Monday, January 14, 2008

The dumbing down of play...


I know all the evangelical D&D hoogaballoo out there but can I make a few observations? A few elements were part of our "adventure" that seem to be absent from a lot of the video game scene today. Like...Imagination. We spent hours weaving tales, reading storylines, listening to a storyteller, preparing, writing, drawing, mapping, using pencils and erasers and real paper...graph-paper...do kids today even know what that is? We used dice...not to conjure demons but to count...which means we used math. Imagine that, a game that encourages and uses mathematics in its core play!

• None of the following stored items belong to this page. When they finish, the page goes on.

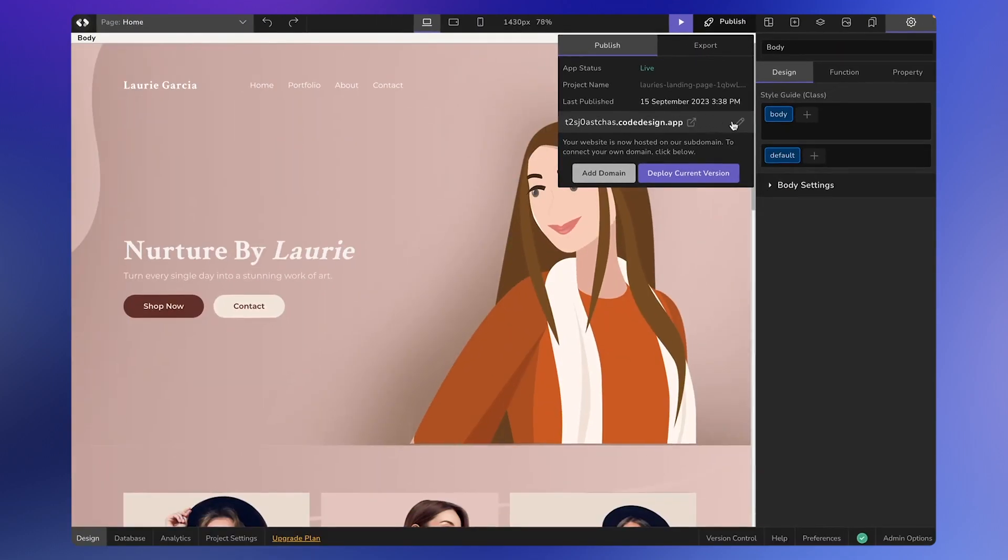You have the choice to add a subdomain, such as hosting it on a Code Design app subdomain, or you can connect it with a custom domain. If you want to connect it with your own domain, you need to click on the add domain button.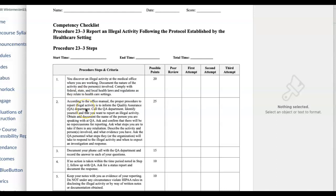According to the medical office manual, the proper procedure to report illegal activity is to inform the quality assurance department. You're not going to actually call the QA department - you're just going to say on your progress report you're notifying the quality assurance department of this illegal activity.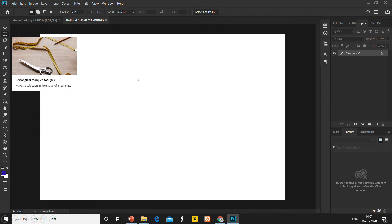Here I am taking an untitled document and selecting the Marquee tool. When you click on this triangle, you can see the Marquee tool options: elliptical, rectangular, single row — so many types of Marquee tool are available.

We played our games with a group of real people, face to face...not alone in front of a computer. Our togetherness meant friendships were also developed. We hung out, joked, talked, eat together, went to each others houses, met parents and other people. We read magazines to learn more stuff. We learned about mythology and history, other cultures and all kinds of information about artifacts and basic principles about time, space, archeology and biology. Sure there was the occult stuff that was part of that era too, I am not sure it was more engrossing or a door way than a 500 page Potter book; but it was a part of it. A part that I now shun but I can still recognize elements of play that seem to be getting jettisoned for a controller or a keyboard era. I think that's a shame.

As a parent...I think today's kids are getting ripped off..not just cash wise HELLO! Have you seen the price of these games and systems; but imagination and socially too...oh I remember the days of just paying for a couple books (that you could use forever), some dice and a pencil and paper...oh and using your brian to make it all happen.

2 comments:

Todd Bacon said...

Point well-made... I played a few games of D&D back in the day and the social and creative aspect of the game was something most kids don't experience. I'd much rather my kids play something like that than sit around on facebook or myspace or whatever the artifical friendship device of the day is when they reach the "social networking" age.

Anonymous said...

When I was 5 and just entering my school career, there was all kinds of edutainment used in school, even back then. Computers were hailed as a new way to teach kids, and all kinds of video games exploded onto a new market under a now mostly dead genre called edutainment.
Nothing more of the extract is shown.